Requirement - Word for word, and without a single picture, repeat the entries.

Records excerpted from a collection -
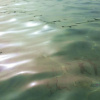 Отель Costa Gaia, фото 13
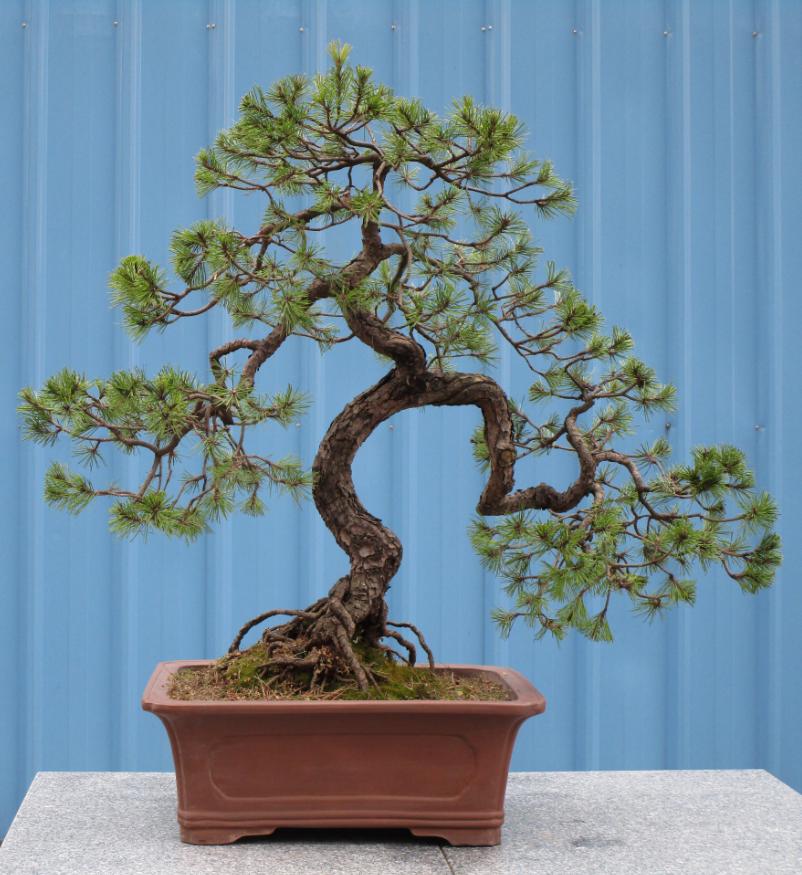 盆景松叶子发黄怎么补救,马尾松盆景养护全过程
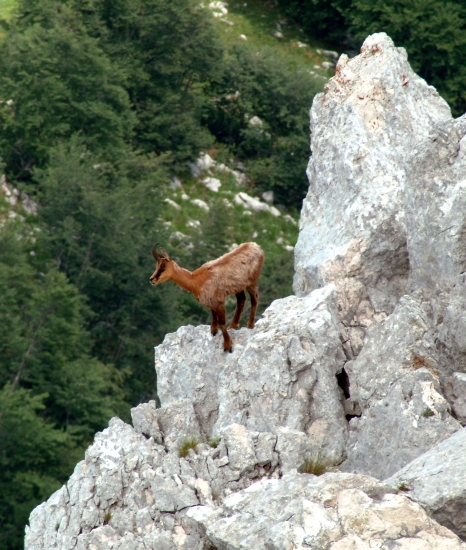 Camoscio d''Abruzzo Rupicapra pyrenaica ornata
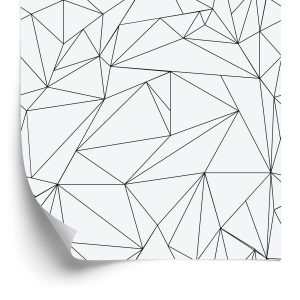Behang Zwart-Wit Geometrisch Patroon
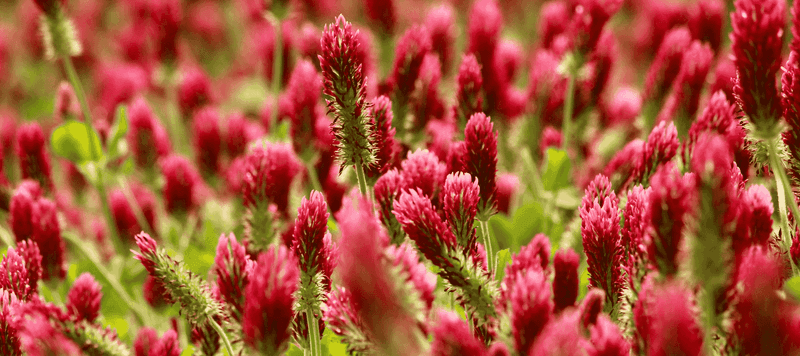 Crimson Clover Protects Bare Soil Through Winter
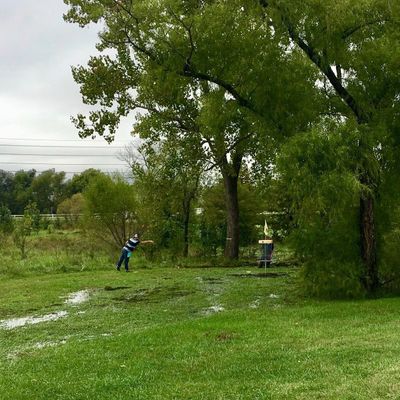 Hole 8, watch out when it rains. Can definitely be swampy on the green.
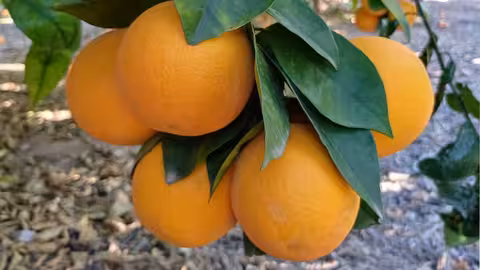 Naranjas en &aacute;rbol variedad Valencia Late (Foto Asaja)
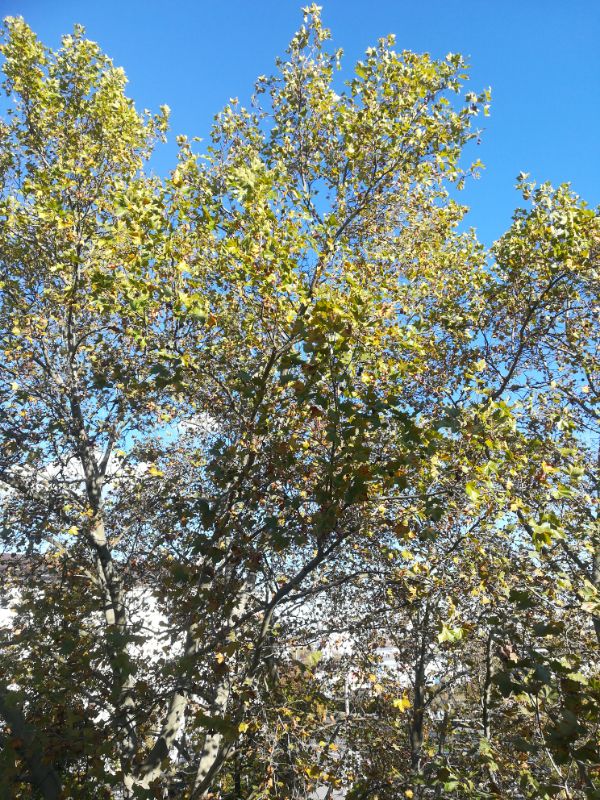 Natur pur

Exercise output -
 Отель Costa Gaia, фото 13
 盆景松叶子发黄怎么补救,马尾松盆景养护全过程
 Camoscio d''Abruzzo Rupicapra pyrenaica ornata
Behang Zwart-Wit Geometrisch Patroon
 Crimson Clover Protects Bare Soil Through Winter
 Hole 8, watch out when it rains. Can definitely be swampy on the green.
 Naranjas en &aacute;rbol variedad Valencia Late (Foto Asaja)
 Natur pur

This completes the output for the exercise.